Other possible classification methods could draw on a system’s technical specifications (for example, parameter count, training data diversity, task versatility) or functional tests (for example, benchmarks in perception, reasoning, and planning). But these may only capture fragments of what we mean by “intelligence.”
In the absence of a universal metric, structured categorisation may be the most practical way forward – offering clarity without oversimplification.
The case for categorization
Why dedicate effort to categorizing AI, potentially through consumer labeling or formal standards? The primary driver is often safety.
Clear labels on AI-powered machines or software could inform users of their capabilities and, crucially, their limitations – particularly important for systems that interact with the physical world or make critical decisions.
Beyond safety, transparency and trust are key. Understanding the nature of an AI can help manage expectations, preventing both over-hyping and underestimation of its abilities. This can foster more informed adoption and interaction.
Clear definitions could also aid in establishing accountability when AI systems cause unintended harm. For developers, such categories might even promote more ethical consideration of the implications tied to the “level” of AI being created.
However, as discussed, the challenges are significant. Defining “intelligence” levels objectively across such a diverse technological landscape is a monumental task.
The rapid evolution of AI means any classification system would need to be adaptable. There’s also the risk of oversimplification, where a label might not capture the nuances of a particular AI’s strengths and weaknesses. Global consensus on such standards would be another hurdle.
The discussion around AI categorization inevitably leads to governance.

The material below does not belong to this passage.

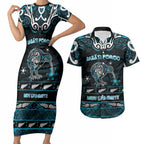 Personalised Ngati Porou Aotearoa Meri Kirihimete Couples Matching Short Sleeve Bodycon Dress and Hawaiian Shirt Maori Kiwi Bird Silver Fern Koru Pattern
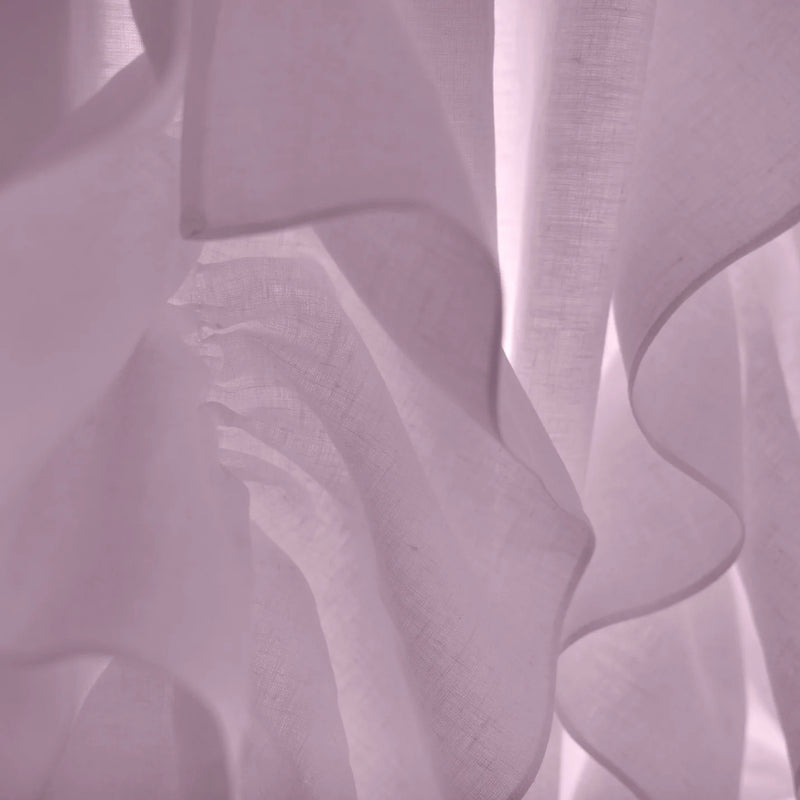 Custom ruffles on Linen curtain lilac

A standardized framework for “levels of AI” could become a tool for governments and regulatory bodies.
It might be used to establish different requirements for testing, deployment, and oversight based on an AI’s assessed capability or potential impact.
For instance, higher “levels” of AI, especially those with significant autonomy or decision-making power in critical sectors (like healthcare, finance, or autonomous weaponry), might be subject to more stringent regulations.
This raises profound questions about control: is it desirable or even feasible for governments to directly manage how much “intelligence” is embodied in machines and what types of machines are permissible?
While the aim would be to balance innovation with public safety, ethical considerations, and societal well-being, such control could also risk stifling beneficial AI research or leading to geopolitical disparities in AI development.
The journey to understand and categorize AI is an ongoing one. As these technologies continue to weave themselves into the fabric of our society, the dialogue about their capabilities, limitations, and the frameworks we use to manage them will only become more critical. Finding the right balance will be key to harnessing the immense potential of AI while safeguarding our future.